### Work required
Begin your copy at the line that holds "紫色・数字とローマ字♪プリチーはんこ（個別スタンプ：26）" and carry it through the final line of the data, writing out each line exactly and omitting pictures.

### Data
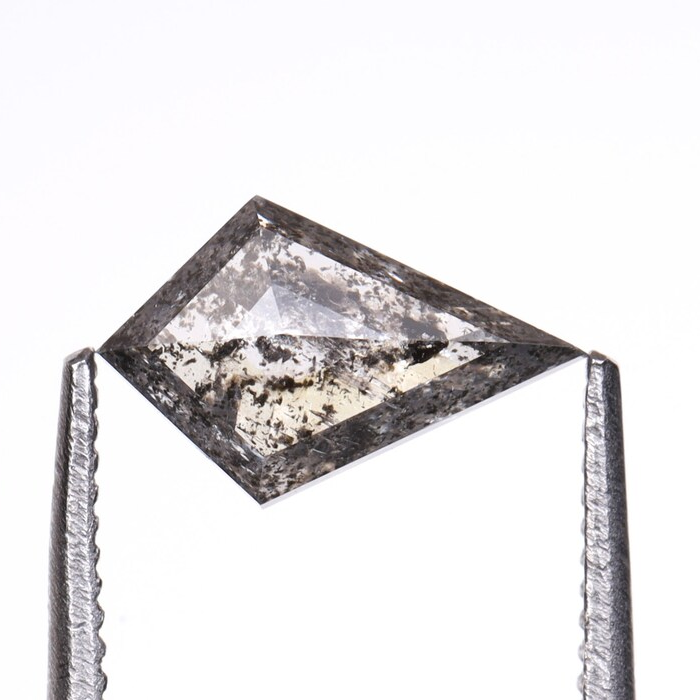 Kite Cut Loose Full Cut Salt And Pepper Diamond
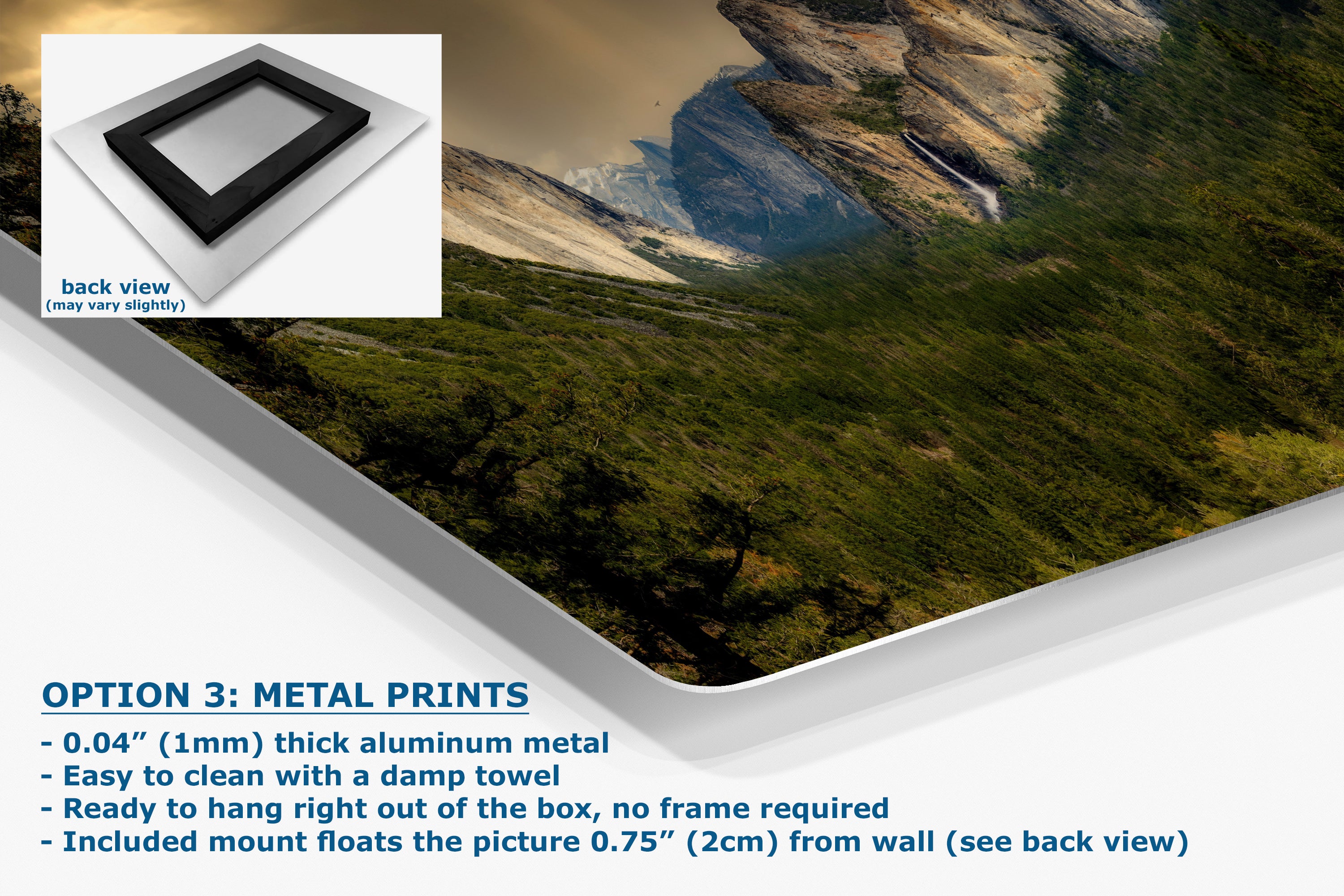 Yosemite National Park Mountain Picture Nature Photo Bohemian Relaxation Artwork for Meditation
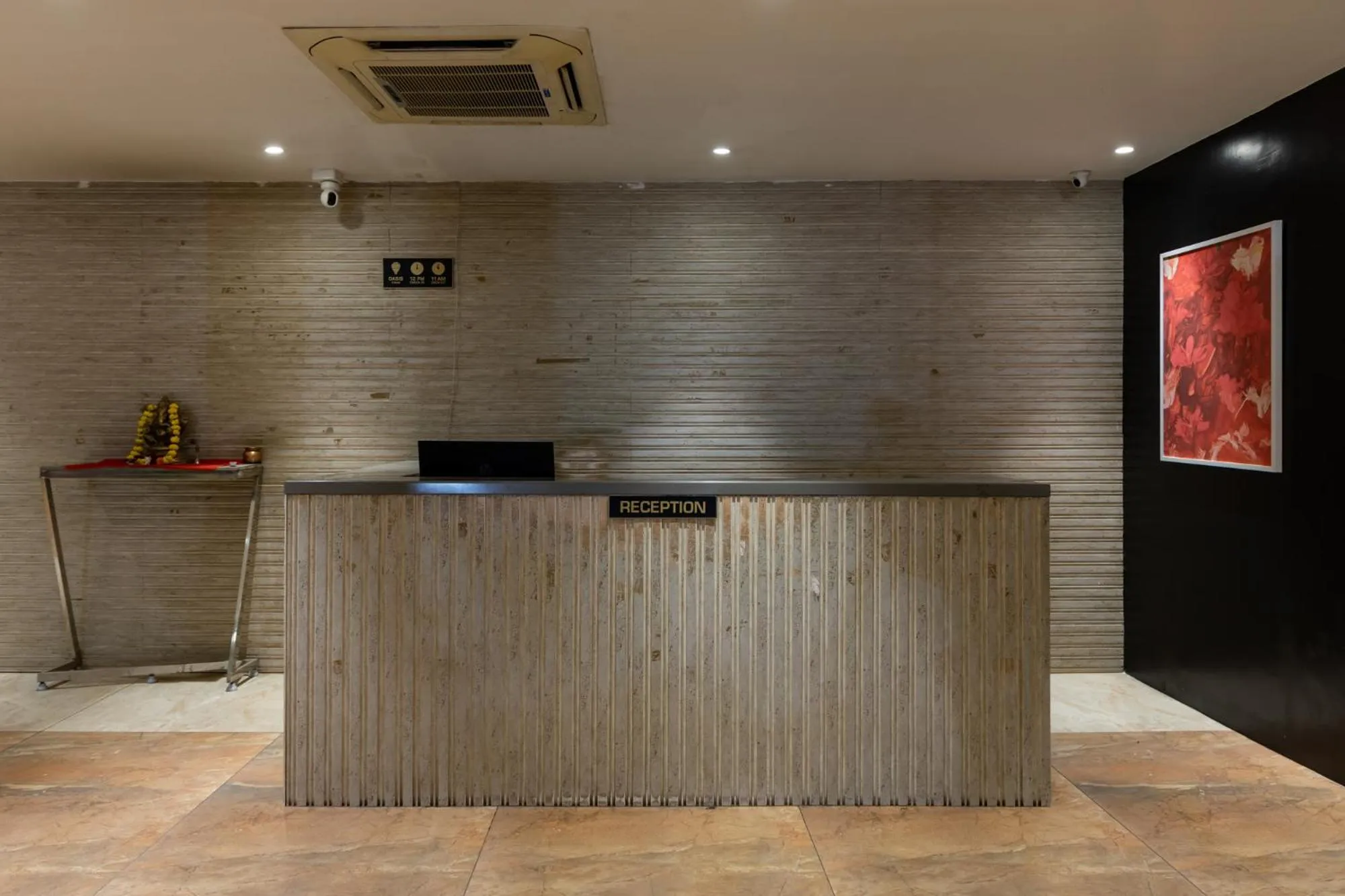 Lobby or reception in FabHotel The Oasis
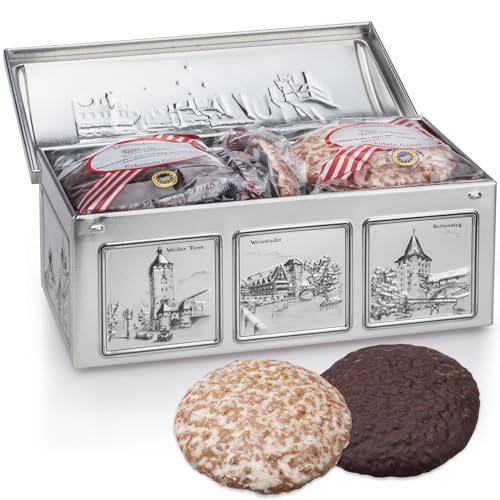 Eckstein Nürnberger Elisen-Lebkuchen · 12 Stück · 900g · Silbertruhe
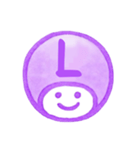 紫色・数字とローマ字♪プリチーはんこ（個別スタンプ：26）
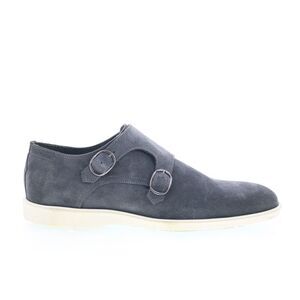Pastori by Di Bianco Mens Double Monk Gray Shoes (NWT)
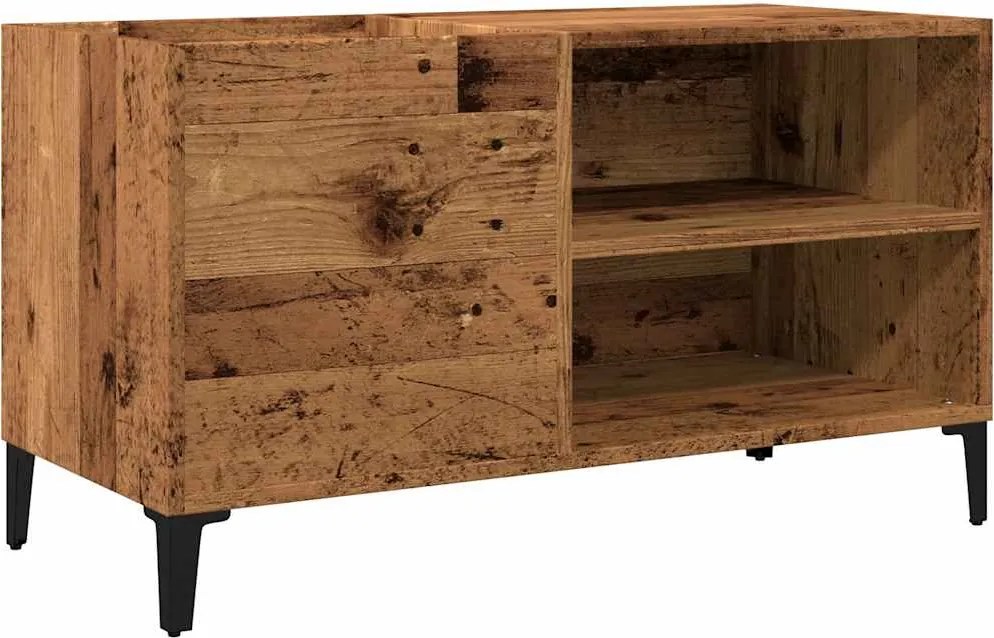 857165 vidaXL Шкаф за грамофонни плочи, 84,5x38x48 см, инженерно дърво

### Answer to this task
 紫色・数字とローマ字♪プリチーはんこ（個別スタンプ：26）
Pastori by Di Bianco Mens Double Monk Gray Shoes (NWT)
 857165 vidaXL Шкаф за грамофонни плочи, 84,5x38x48 см, инженерно дърво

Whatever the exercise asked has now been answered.